Abstract
Herbert Gleiter promoted the development of nanostructured materials on a variety of levels. In 1981 already, he formulated research visions and produced experimental as well as theoretical results. Still he is known only to a small community of materials scientists. That this is so is itself a telling feature of the imagined community of nanoscale research. After establishing the plausibility of the claim that Herbert Gleiter provided a major impetus, a second step will show just how deeply Gleiter shaped (and ceased to influence) the vision of the National Nanotechnology Initiative in the US. Finally, then, the apparent invisibility of Gleiter's importance needs to be understood. This leads to the main question of this investigation.

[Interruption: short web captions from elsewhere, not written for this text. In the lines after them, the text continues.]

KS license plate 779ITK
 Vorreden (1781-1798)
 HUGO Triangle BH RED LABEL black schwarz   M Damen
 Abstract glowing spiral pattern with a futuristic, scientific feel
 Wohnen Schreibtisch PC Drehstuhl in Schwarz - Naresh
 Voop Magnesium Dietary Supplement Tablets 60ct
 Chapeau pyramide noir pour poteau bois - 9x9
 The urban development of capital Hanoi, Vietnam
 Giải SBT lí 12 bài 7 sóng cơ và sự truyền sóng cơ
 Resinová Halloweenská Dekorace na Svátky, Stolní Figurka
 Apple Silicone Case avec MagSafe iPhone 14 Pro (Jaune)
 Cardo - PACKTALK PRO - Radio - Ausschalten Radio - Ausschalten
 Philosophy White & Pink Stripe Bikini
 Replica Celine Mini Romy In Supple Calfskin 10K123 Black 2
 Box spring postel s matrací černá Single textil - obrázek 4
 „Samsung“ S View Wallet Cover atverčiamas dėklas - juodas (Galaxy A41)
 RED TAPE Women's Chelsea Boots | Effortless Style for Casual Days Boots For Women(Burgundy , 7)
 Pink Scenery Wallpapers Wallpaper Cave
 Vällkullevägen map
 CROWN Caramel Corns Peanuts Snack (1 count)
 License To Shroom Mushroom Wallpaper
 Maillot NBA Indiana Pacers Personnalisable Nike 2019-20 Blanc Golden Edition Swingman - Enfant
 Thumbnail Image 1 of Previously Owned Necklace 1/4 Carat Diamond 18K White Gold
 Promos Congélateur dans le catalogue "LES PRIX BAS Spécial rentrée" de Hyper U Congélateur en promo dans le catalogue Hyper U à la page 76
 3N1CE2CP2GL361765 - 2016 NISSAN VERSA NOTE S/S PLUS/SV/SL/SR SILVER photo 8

Though materials research meets even the more stringent definitions of nanotechnology, there remains a systematic tension between materials science and the device-centered visions of nanotechnology. Though it turned the tables on the scientific prestige of physics, materials science runs up against the engineering prestige of the machine.
Note
A first draft of this study was presented at the CHF Cain Conference on “Nano before there was nano,” March 19, 2005. It draws on many conversations, especially with Horst Hahn (Darmstadt Technical University, Research Center Karlsruhe), Hanno zur Loyen (USC, Columbia), James Murday (Naval Research Laboratory), Gary Peterson (CHF Fellow, also at University of Pittsburgh), Eckart Exner (formerly at Darmstadt Technical University), and Herbert Gleiter (formerly at Saarbrücken and Research Center Karlsruhe). I thank Cyrus Mody, Aant Elzinga, and various referees for stimulating and detailed critical commentary. I couldn't do justice here to all the points they raised.